Scottish academic (1866–1944)

John Wight Duff, FBA (1866–1944), often abbreviated as J. Wight Duff, was a Scottish classicist and academic. He was Professor of Classics at Armstrong College, Durham from 1898 to 1933.

== Education ==
Born in Dundee on 4 September 1866, Duff was the son of an iron founder, William Duff and his wife, Sarah Fergusson Wight. His grandfather was a well-known brass founder and Provost of Greenock, where the family had a connection with James Watt, the engineer. John attended Aberdeen Grammar School, winning gold medals each year he was at the school and leaving as Latin dux in 1882. He then read classics at the University of Aberdeen, graduating with first-class honours in 1886 and winning the Simpson Prize for best graduate in Ancient Greek. He then completed a classics degree at Pembroke College, Oxford, with an open scholarship, graduating with first-class honours in 1890.

== Career ==
Duff was appointed an assistant professor of Greek at the University of Aberdeen in 1891, and then moved to Durham College of Science (later reformed as Armstrong College, Durham) in 1893 to be Professor of Classics and English. Five years later, the chair was split and he was appointed Professor of Classics, serving until he retired in 1933. During this period, he edited Samuel Johnson's Lives of Milton and Addison (1900) and produced a collection of Lord Byron's poetry (1904). He authored A Literary History of Rome in 1909 and produced an updated edition the next year; this was followed by Writers of Rome (1923) and A Literary History of Rome in the Silver Age (1927). He was also Vice-Principal of Armstrong College in 1918, and from 1921 to 1924 and then again from 1926 to 1933.

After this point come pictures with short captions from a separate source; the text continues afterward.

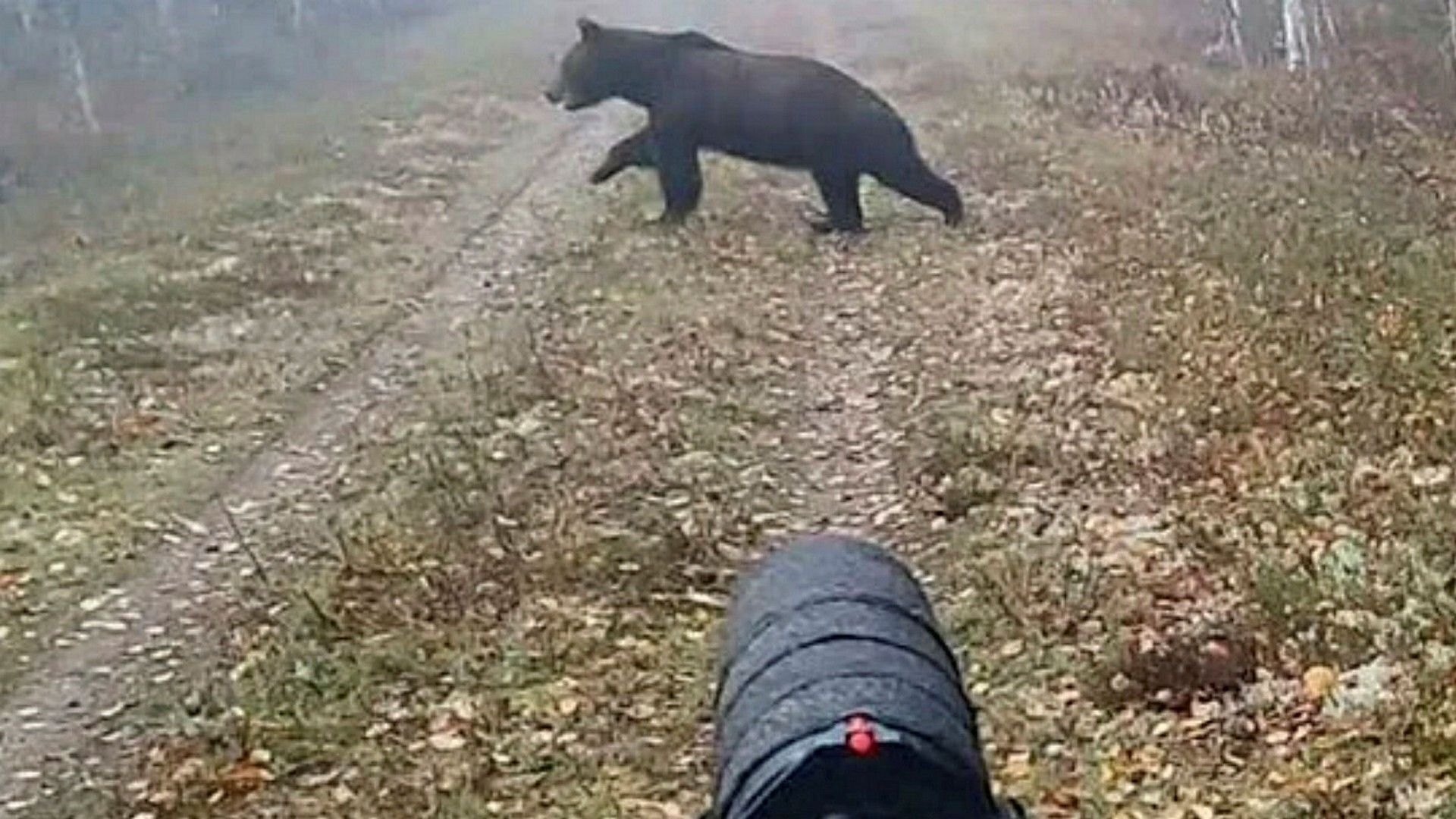 Fördubbling av jaktbrott: ”Kör runt med laddade vapen”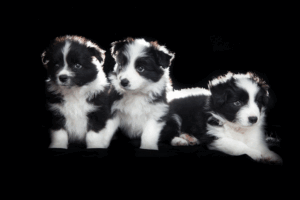 Mascotas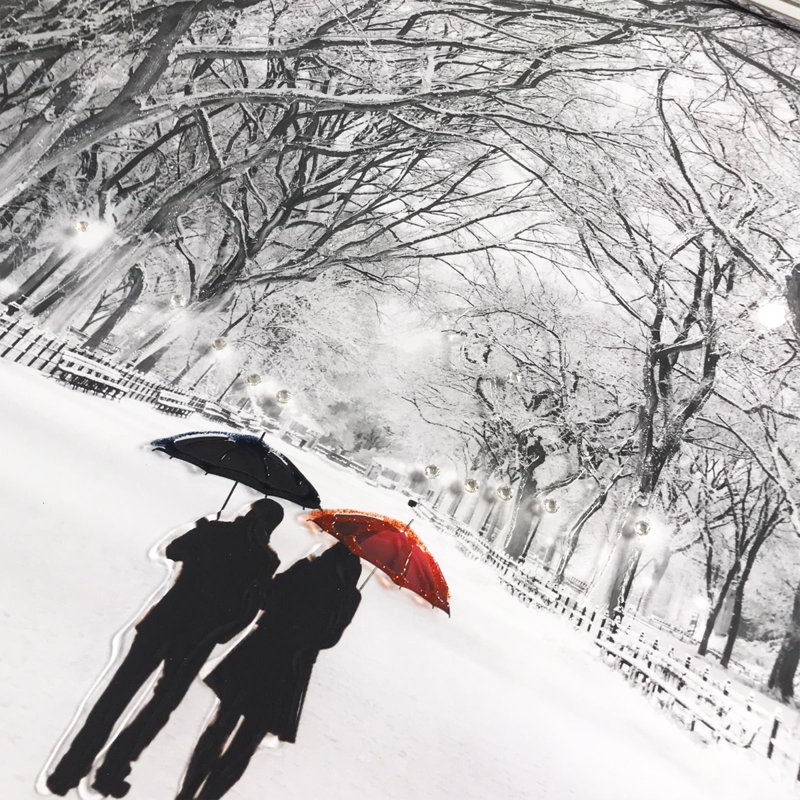 Winter Walk - Single Picture Frame Print
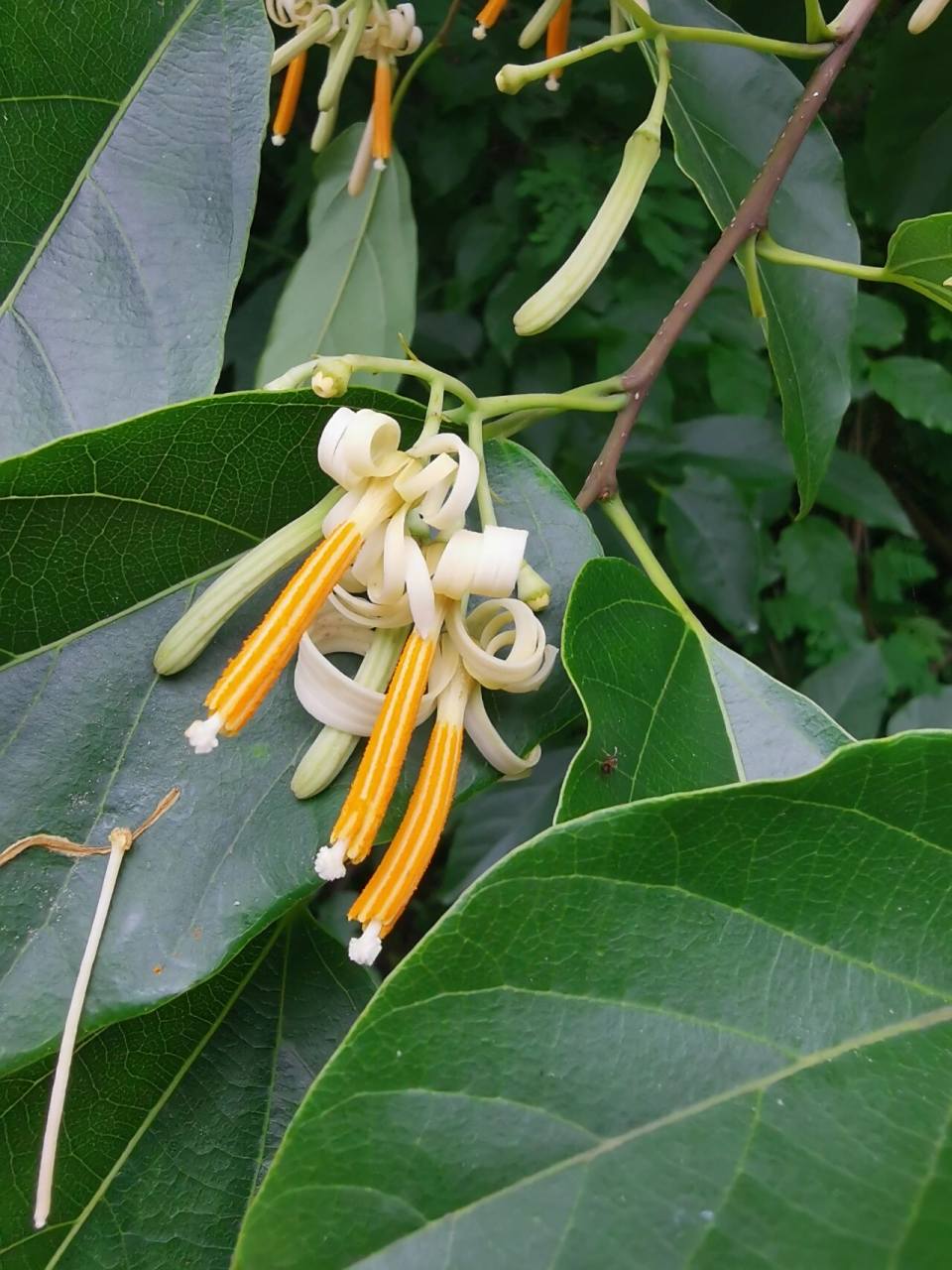 八角枫开花 八角枫,落叶乔木或灌木,高3-5米,稀达15米,胸高直径20厘米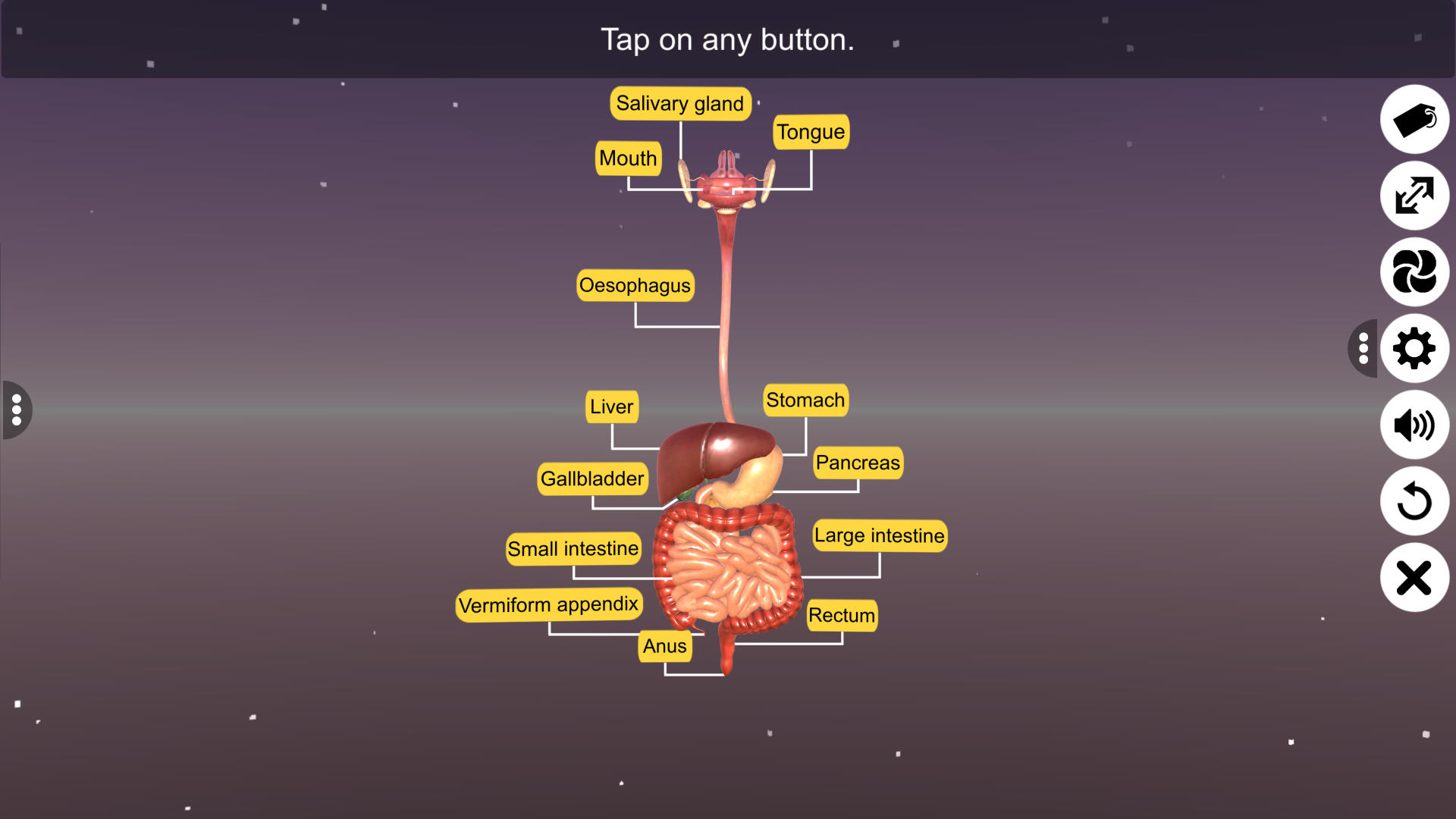 Human Digestive System - App on Amazon Appstore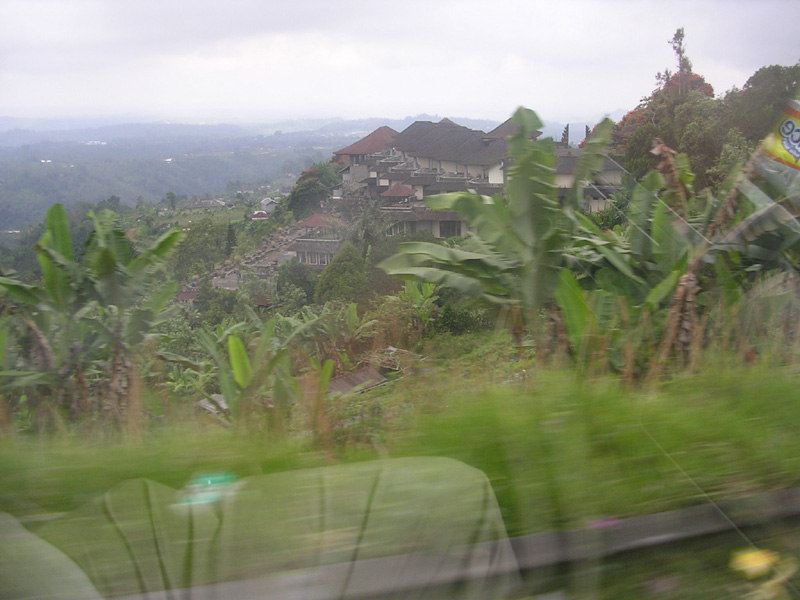 DSCN5383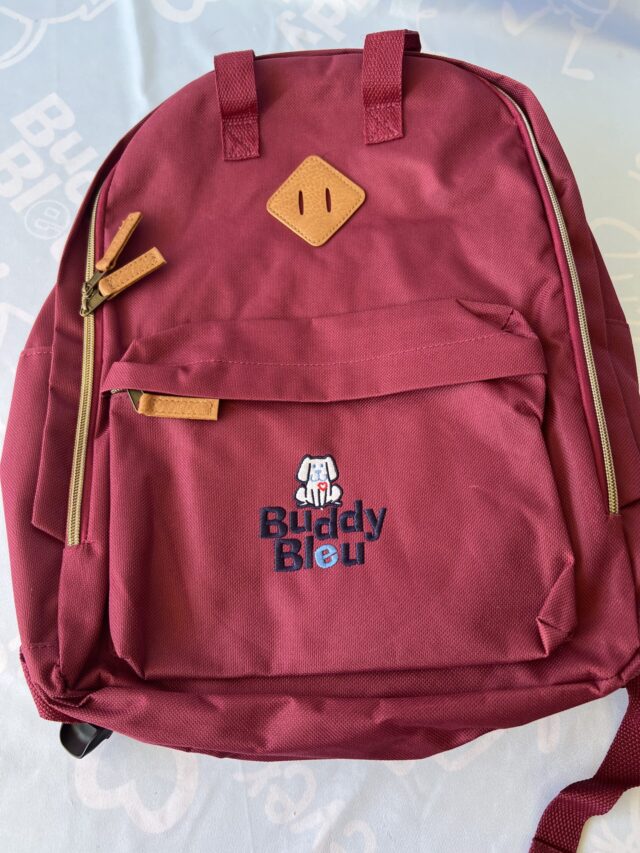 Buddy Bleu Back to School Double Handle Laptop BackPack - Image 3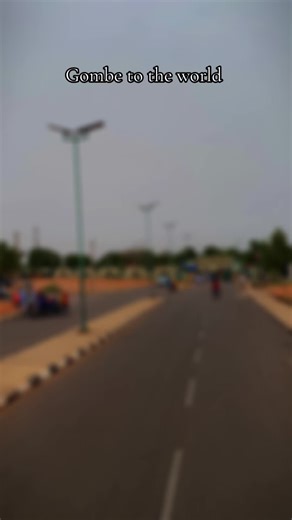 Gombe's Global Reach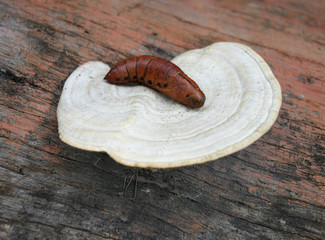 big chrysalis over poisonous mushroom
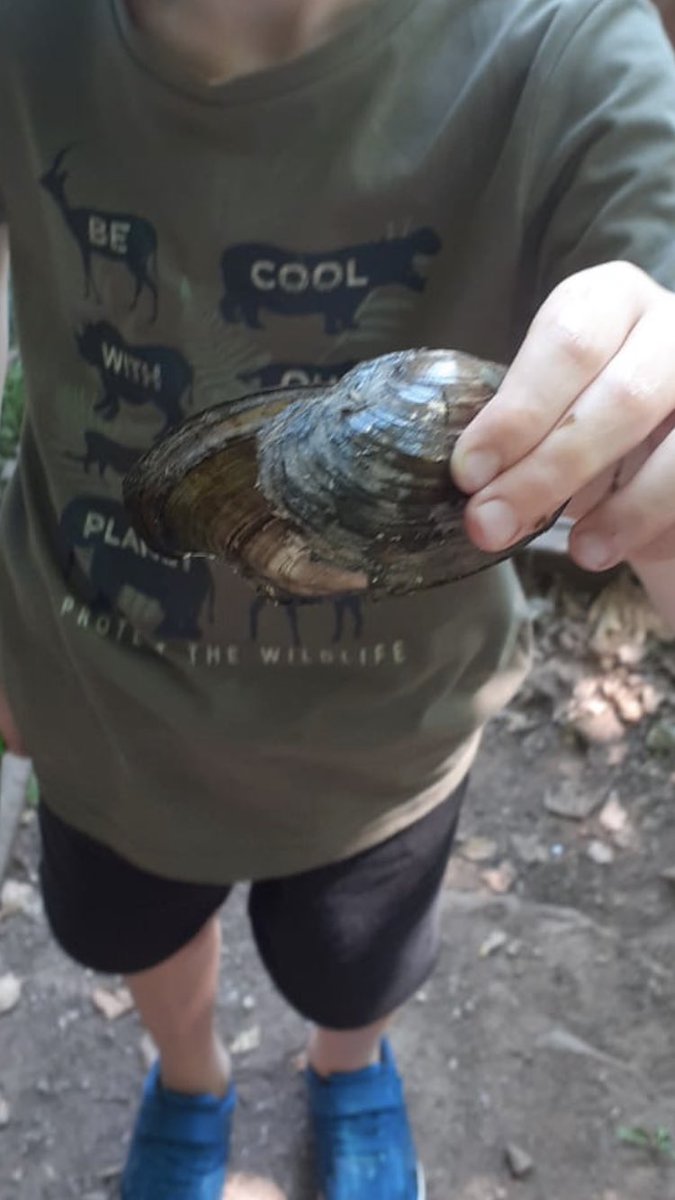 LearningLog1's tweet image. #LGPAScience @laceygreenpa Learning about different fish that live in our canals and rivers and discovering freshwater mussels.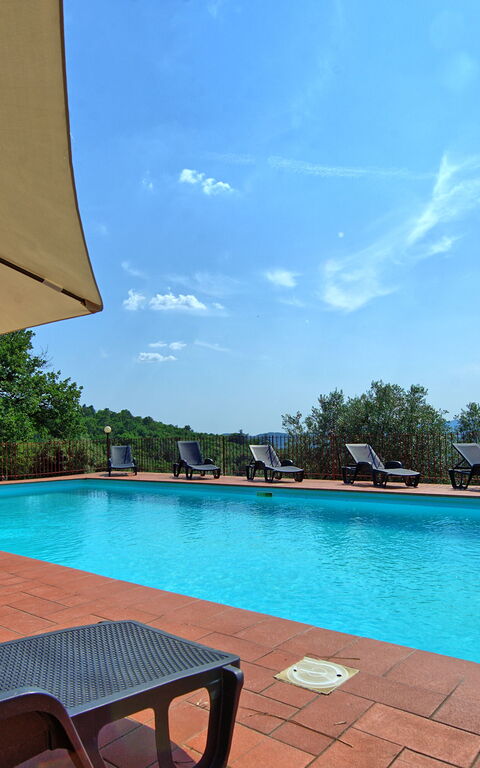 Querciolaia: basseng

Duff received an honorary DLitt degree from Durham University in 1910, and received DLitt degrees from the University of Oxford and the University of Aberdeen in 1911, the former in recognition of his Literary History of Rome (1909). He was elected a Fellow of the British Academy in 1930.

== Later life ==
In retirement, Duff continued to write; with Arnold Mackay Duff (his son [1900-1976]), he produced Minor Latin Poets: With Introductions and English Translations in 1934 and two years later completed Roman Satire: Its Outlook on Social Life (published by Cambridge University Press). He died on 8 December 1944, aged 78.